// Staggering Through Stagnation //
I’ve been not developing my new music project BeastReality for almost a year now. I conceptualized it in March, and since then have only managed to squeeze out the skeletons of four beats, and the writing to accompany two of them. In my heart of hearts, I know I’m passionate about this – it’s not about being scared that it won’t be good enough, or that if I sat down to work on it that I wouldn’t be able to create something wonderful. It’s getting myself to sit down in the first place.
The unfortunate blessing about my particular breed of creativity is that it thrives on inspiration. I love films, and music, and amazing museum exhibits. Archived deep in my brain are countless tidbits of the world that I’ve internally recorded – mental stickynotes that perpetually reblog themselves into each other. At times, the world can be so overwhelmingly captivating that I can put down my pen for months on end and just play the audience member. During these moments of digestion, am I doing my own productivity a disservice? Are these periods in which the universe is my muse the reasons why I’m not Drake? I don’t really want to be Drake. Forget I said that. Moving on.
And then there’s life itself – family, income, love, rent, shitting, and sleeping.
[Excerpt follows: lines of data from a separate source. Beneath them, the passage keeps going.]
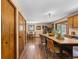 Spacious kitchen with long island, lots of seating, and access to a dining area at 8600 S Warhawk Rd, Conifer, CO 80433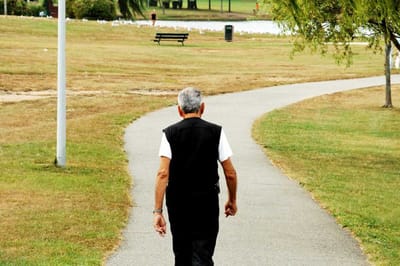 Senior walking along a path in a park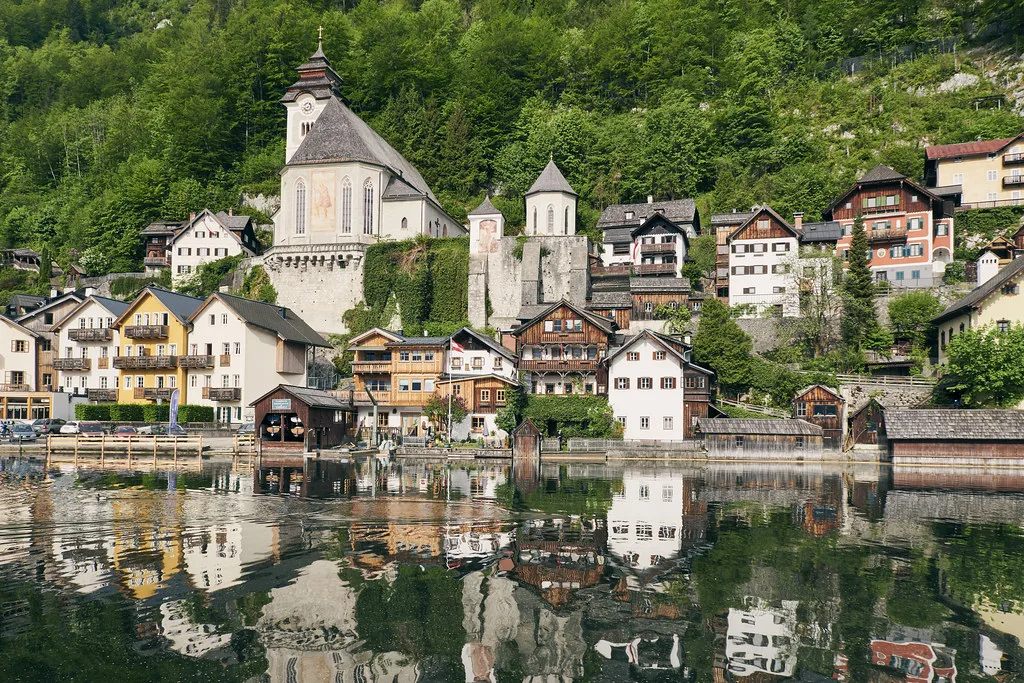 Hallstatt's church and houses reflected in Lake Hallstatt.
And chewing slowly. And remembering to breathe. And remembering to activate the extended warranties for your electronics. True, freelancing for a living affords me the freedom to own my time – to mold, twist, and spread it out however I theoretically please. But when you never have to clock in, you never can clock out. There’s no boss breathing down your neck – no job to limp home from, untie your tie after, and escape into your own world and passions beyond. Essentially, anytime I’m not working on my own creativity feels like another opportunity lost. It’s the most awesome yet daunting responsibility. It’s a life lesson I’m still trying to learn.